By shopping around, and especially by ditching older plans that have been on the market for up to two decades, they could be in line for substantial premium reductions.
"The potential savings for these members are between €500 to €1,000 per adult and, in some cases, they don't even have to switch insurer to achieve this," Mr Goode pointed out.
A younger insured cohort
Although premium increases are driven to some extent by an ageing population with more complex healthcare needs generally, the insured population appears to be growing at the younger end of the market, which is encouraging.
According to HIA figures, between July and the end of September, coverage increased among those aged 18 to 26 while for those aged over 26, it remained steady.
Known as community rating, a system of price equality for all members relies on younger people - who tend to have fewer healthcare needs - signing up for insurance and essentially carrying the costs for older members who are likely to need to draw on their insurance more frequently.
In order to sustain this model, a loading mechanism was introduced in 2015 which penalised late entrants to the health insurance market.
"A loading of 2% of the gross premium will apply for every year of age higher than age 34 that an individual has attained when they first purchase inpatient private health insurance," the HIA explains on its website.
The introduction of the policy saw an initial surge in health insurance uptake.

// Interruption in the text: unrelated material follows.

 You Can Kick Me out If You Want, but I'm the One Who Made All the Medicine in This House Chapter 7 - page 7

"It came into effect on May 1st, 2015, following a nine-month grace period during which anybody could take out a policy without facing the late entry loading," Brian Turner explained.

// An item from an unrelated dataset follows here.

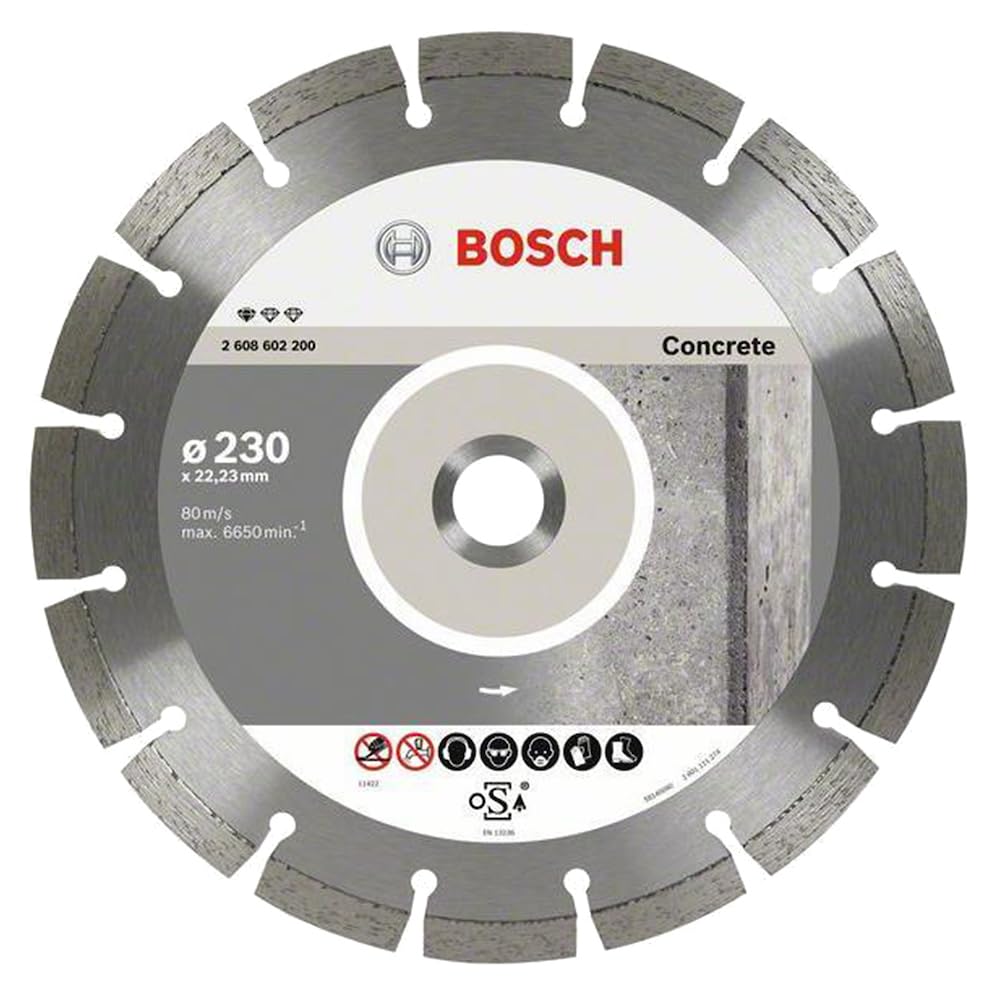 Bosch Standard for Concrete disque diamant 230 mm béton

"Needless to say, in April 2015, 78,000 people piled into the market at the last minute," he added.
Many new arrivals into the market at the time, who wanted to avoid the loading, opted for entry level plans that essentially cover treatment in public hospitals - which, contrary to popular belief, are not free if the patient does not have a medical card.
However, there appears to have been a move towards more advanced plans since the pandemic.
"A lot of people are seeing just how limited those entry level plans are and they're upgrading their cover," Dermot Goode said.
"There's a real focus on benefits rather than price," he explained.
However, while some are opting for an upgrade, Mr Goode said many more had eyed out health insurance as one area where savings can be made as other bills rise exponentially and have been seeking to downgrade their cover.
All of which will feed into pricing dynamics in the months and years ahead.